Begitu juga Dia Subhanahu menciptakan anda untuk dirinya, menciptakan segala sesuatu untuk anda di dunia dan akhirat. Maka siapakah yang lebih utama dicurahkan untuk kecintaan dan mencurahkan semangat dalam (menggapai) keredhoan-Nya?
Begitu juga keinginan anda bahkan keinginan semua makhluk –kepada-Nya- dan Dia paling dermawan, paling mulia.
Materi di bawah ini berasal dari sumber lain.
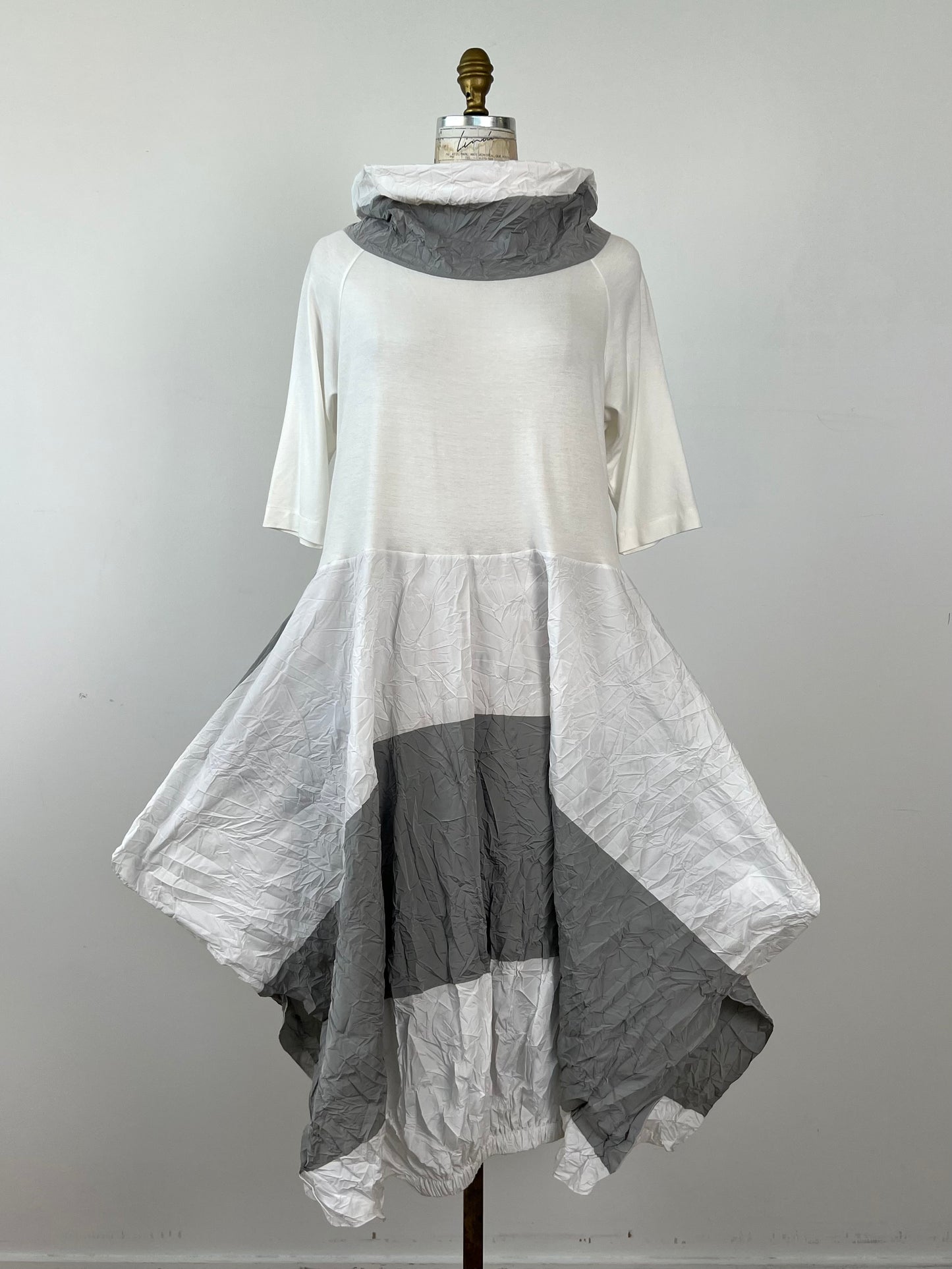 Robe parachute gris et blanc (L)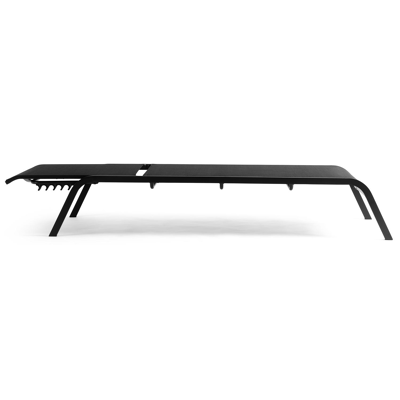Acri verstelbaar ligbed in zwart aluminium met zwart textilene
Memberikan kepada hamba-Nya sebelum dia memintanya melebihi dari harapannya, mensyukuri sedikit amalannya dan akan menambahkan. Memaafkan banyak kesalahan dan menghapuskan.
يَسْأَلُهُ مَنْ فِي السَّمَاوَاتِ وَالأَرْضِ كُلَّ يَوْمٍ هُوَ فِي شَأْنٍ. الرحمن :29
“Semua yang ada di langit dan bumi selalu meminta kepadaNya. Setiap waktu Dia dalam kesibukan.” SQ. Ar-Rahman: 29.
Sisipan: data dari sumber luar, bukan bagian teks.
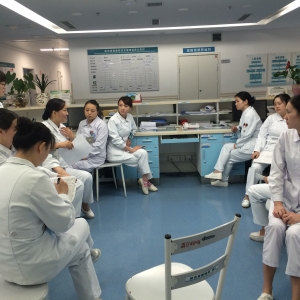 我中心肌肉骨骼病房进行护理专项管理工作总结会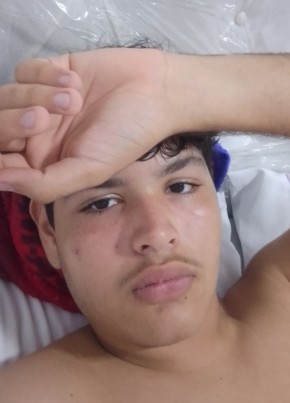 João из Recife 18 лет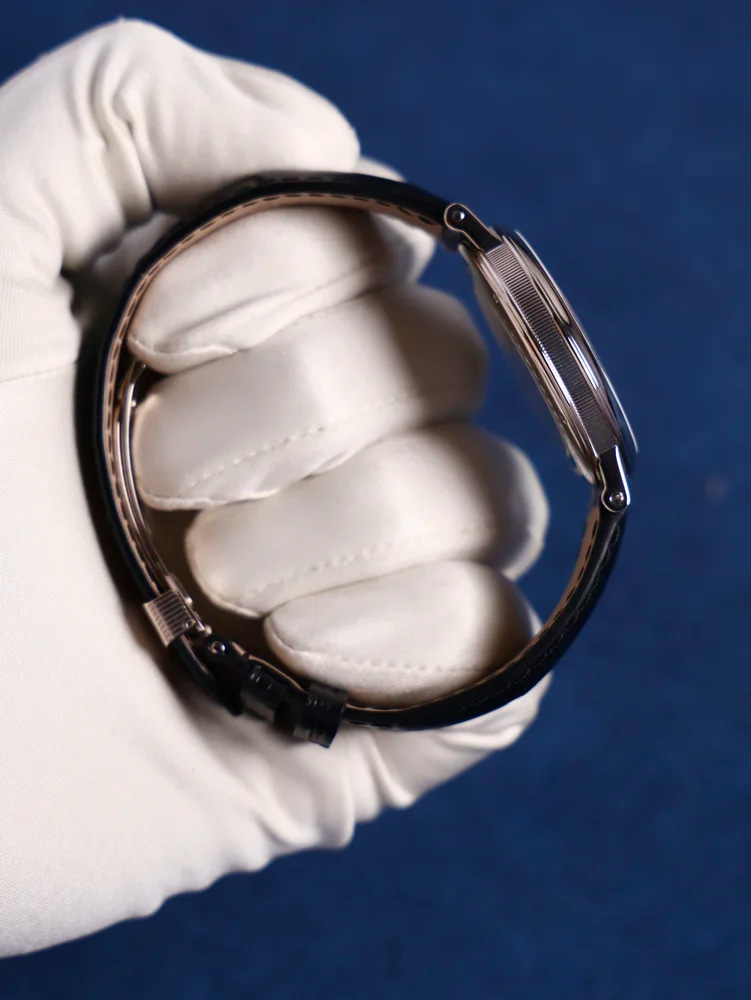 Retrograde Seconds, image 4 Retrograde Seconds, image 4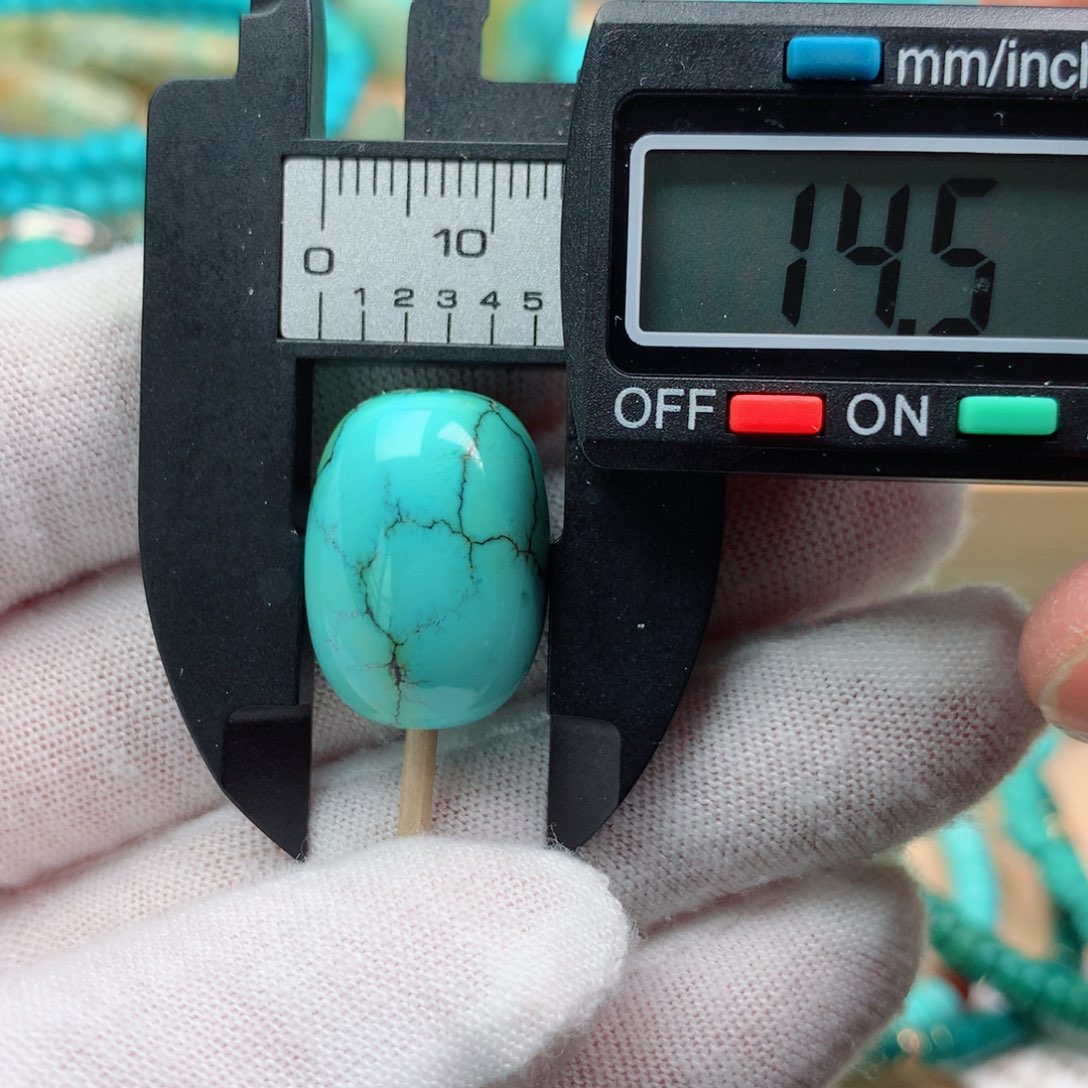 绿松石颈饰未镶嵌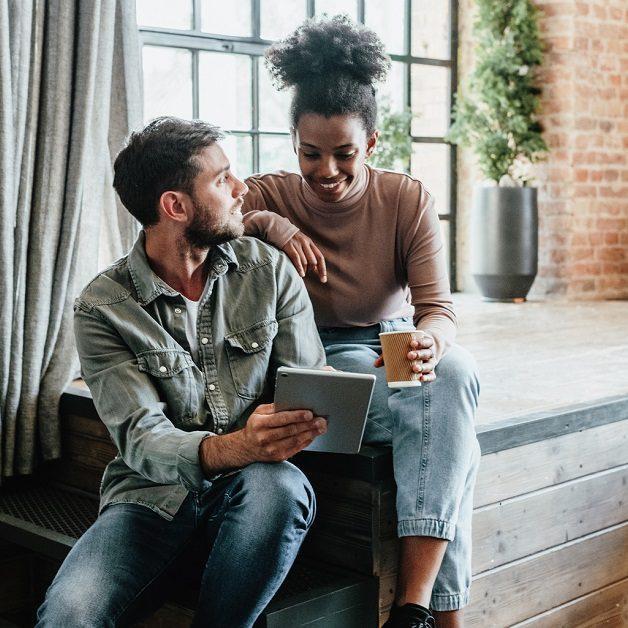 A jump in pending home sales in January indicates consumers are wading back into the market as rates settle in the 6% range. ow.ly/UTQz104wA73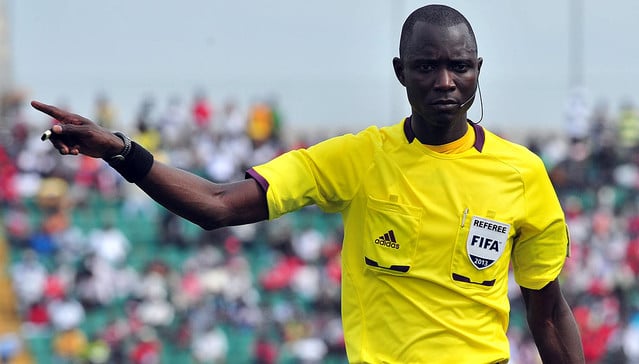 Bakary Gassama brise le silence : révélations sur l’Algérie Arbitre de football FIFA en pleine action lors d'un match.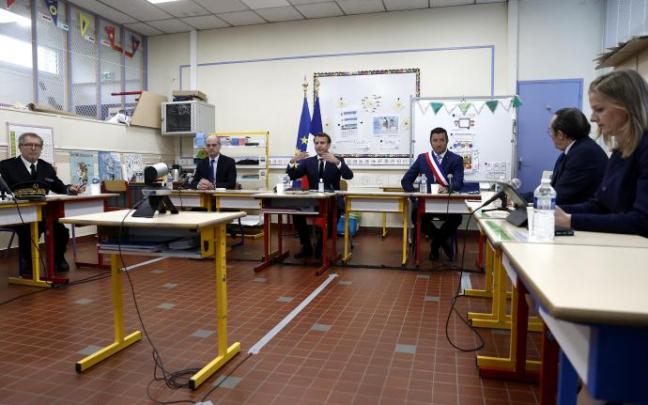 Macron, entre Blanquer y Olive, participando en una vídeoconferencia con alcaldes y directores de colegios. Macron, entre Blanquer y Olive, participando en una vídeoconferencia con alcaldes y directores de colegios.
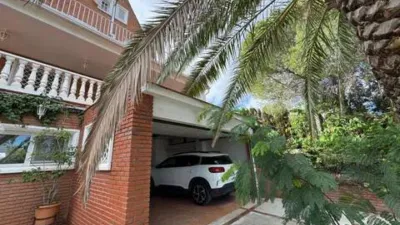 Chalet on Calle de la Alozaina photo 3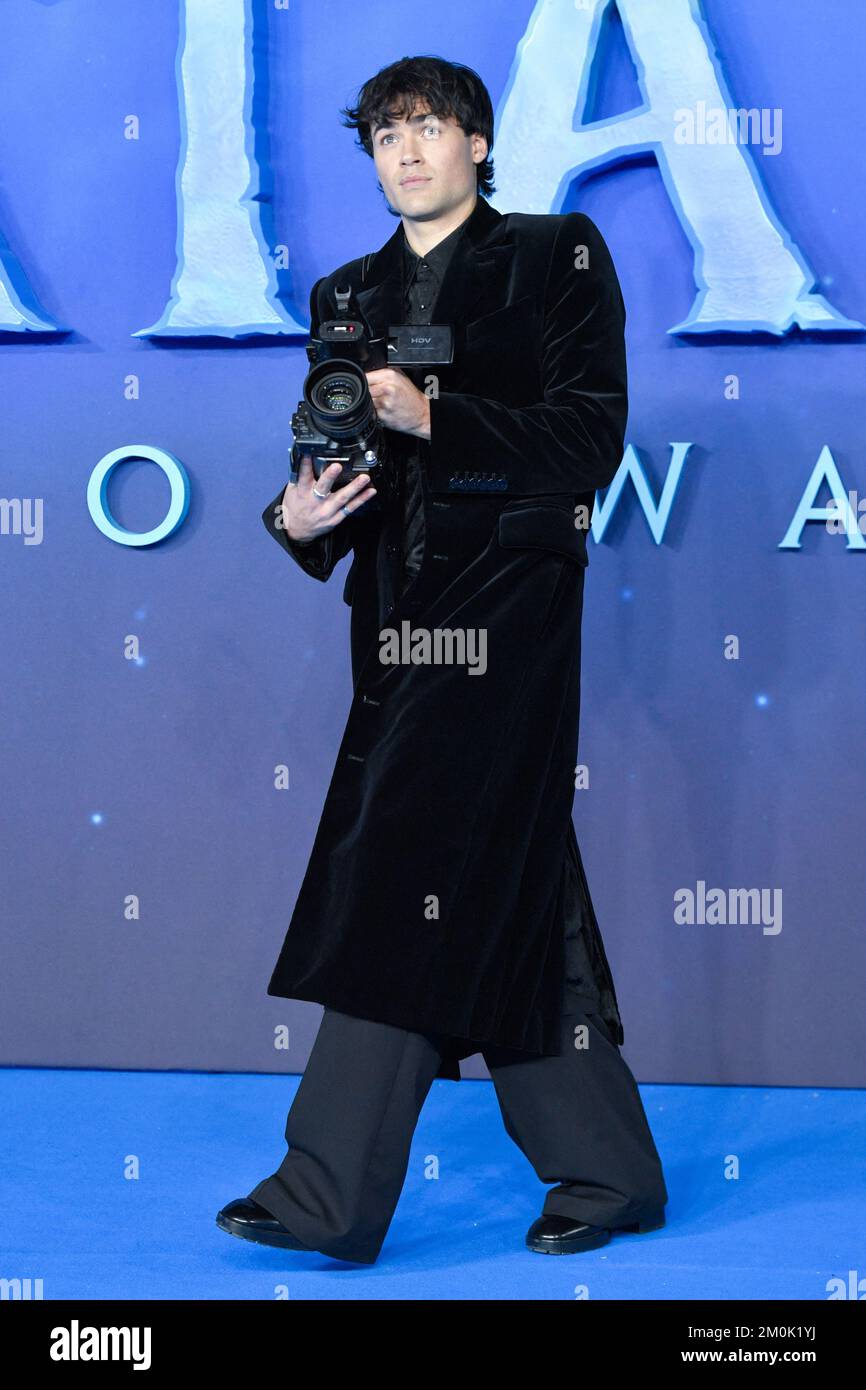 Jamie Flatters attending the Avatar The Way Of Water World Premiere in London, England, on Jamie Flatters attending the Avatar The Way Of Water World Premiere in London, England, on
Tidak tersibukkan pendengaran dari pendengaran (hamba), tidak salah dari banyaknya permintaan. Tidak sumpek rengekan orang yang meminta, bahkan senang dengan orang yang bersungguh-sungguh dalam berdoa. Senang diminta, marah kalau tidak meminta. Malu kepada hamba-Nya dimana seorang hamba tidak malu kepada-Nya. Menutupi dimana dia tidak menutupi dirinya. menyayangi dimana Dia tidak menyayangi dirinya. Dipanggil dengan kenikmatan dan kebaikannya menuju kemulyaan dan keredhoan-Nya tapi menolaknya. Mengutus utusan-Nya ketika memintanya, diutus bersamanya janjinya. Kemudian Allah subhanahu turun sendiri dan berfirman, ‘Barangsiapa yang meminta kepada-Ku, maka akan Saya beri. Dan barangsiapa yang memohon ampunan, maka Saya ampuni?
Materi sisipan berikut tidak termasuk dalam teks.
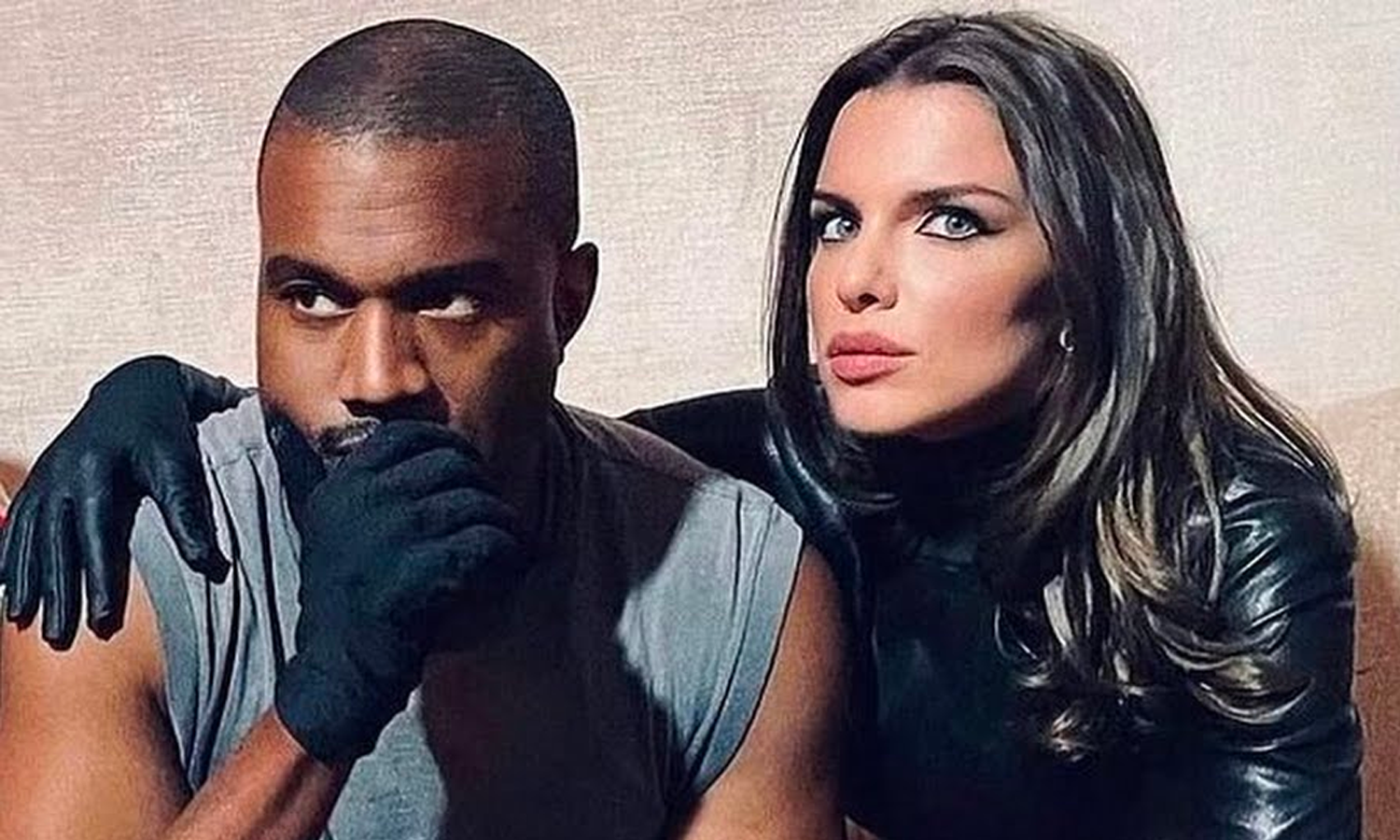 Kanye West (trái) và Julia Fox chia tay sau sáu tuần hẹn hò, Ảnh: Image Magazine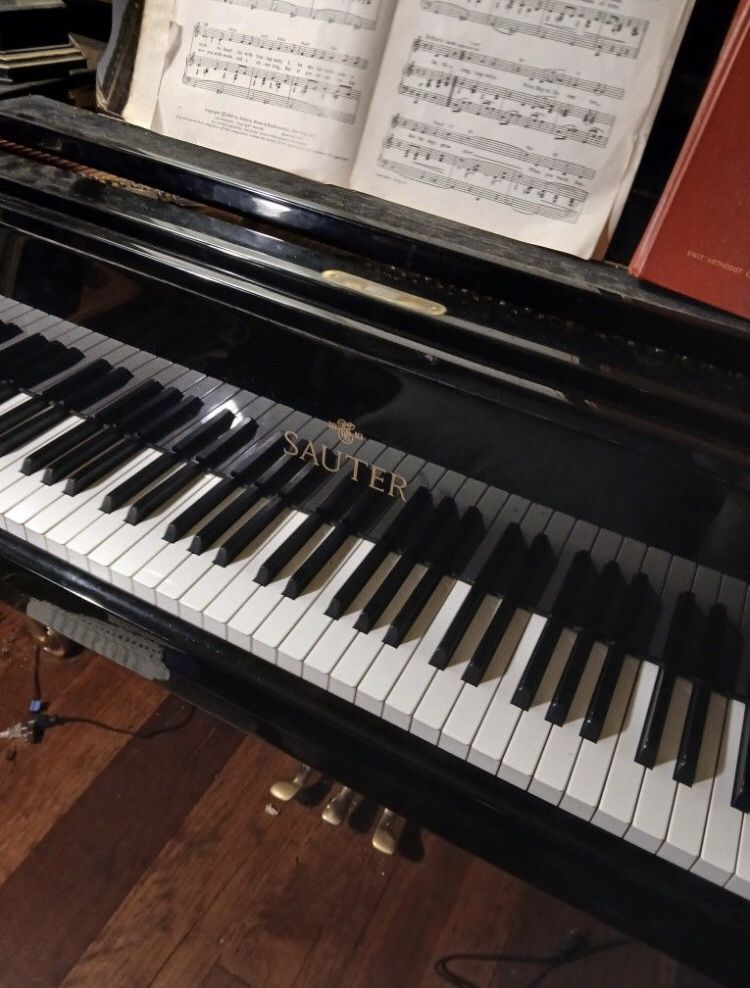 Sauter Grand Piano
Bagaiamana tidak dicintai sementara hati, kebaikan tidak datang kecuali dari-Nya. Tidak menghilangkan kejelekan kecuali Dia, tidak mengabulkan doa, mengalihkan kesalahan, memaafkan dosa-dosa, menutupi aurat, menghilangkan kesusahan, menolong yang membutuhkan, sementara ingin mendapatkan keinginan selain dari-Nya? ‘selesai dari kitab Ad-Da’ Wa Ad-Dawa’, 534-538.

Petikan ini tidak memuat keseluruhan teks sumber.